• Work item:
These records contain pictures, which must be left out; copy exactly the lines from the one with "Set of colorful" up to and including the one with "Hundreds of board".

• Data listing:
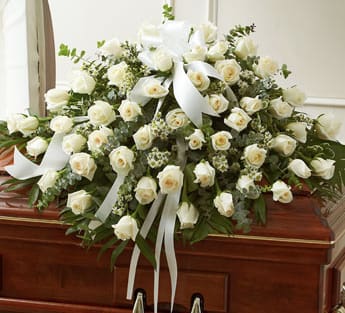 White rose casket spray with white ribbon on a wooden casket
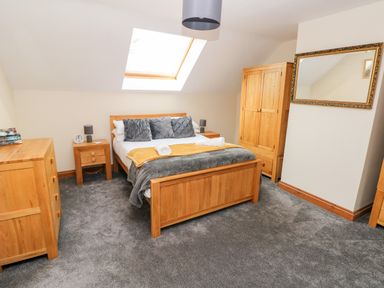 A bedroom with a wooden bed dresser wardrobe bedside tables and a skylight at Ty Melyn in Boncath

* * *

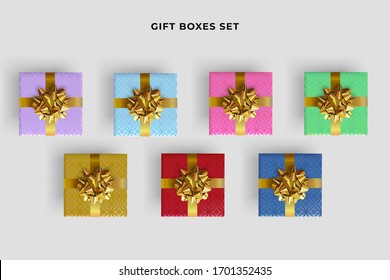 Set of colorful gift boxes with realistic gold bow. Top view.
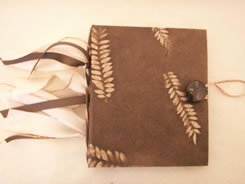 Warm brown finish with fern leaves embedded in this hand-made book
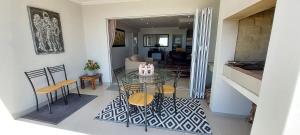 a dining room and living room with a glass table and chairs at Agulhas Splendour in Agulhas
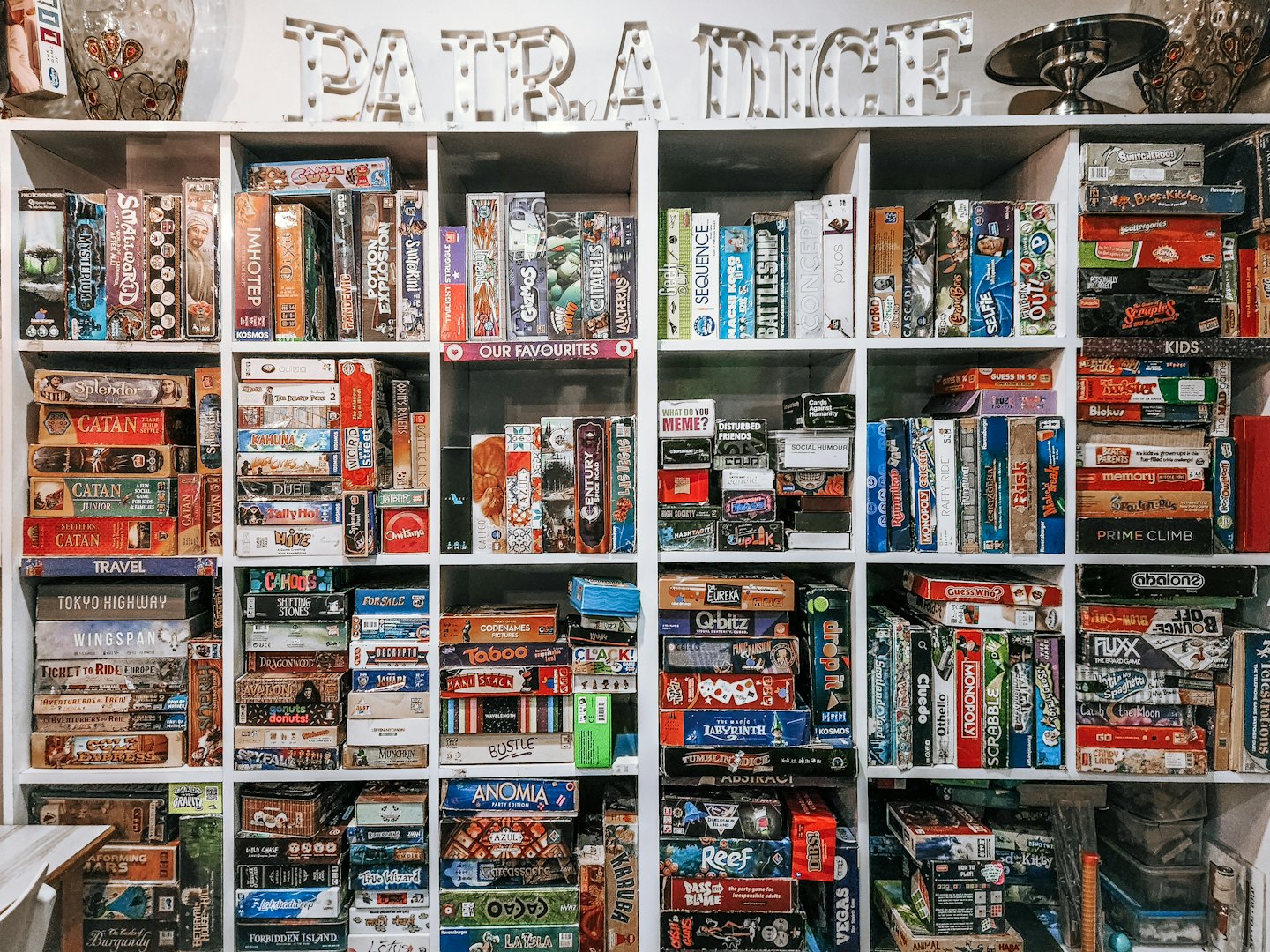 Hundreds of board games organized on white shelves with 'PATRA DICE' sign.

• Response to this task:
 Set of colorful gift boxes with realistic gold bow. Top view.
 Warm brown finish with fern leaves embedded in this hand-made book
 a dining room and living room with a glass table and chairs at Agulhas Splendour in Agulhas
 Hundreds of board games organized on white shelves with 'PATRA DICE' sign.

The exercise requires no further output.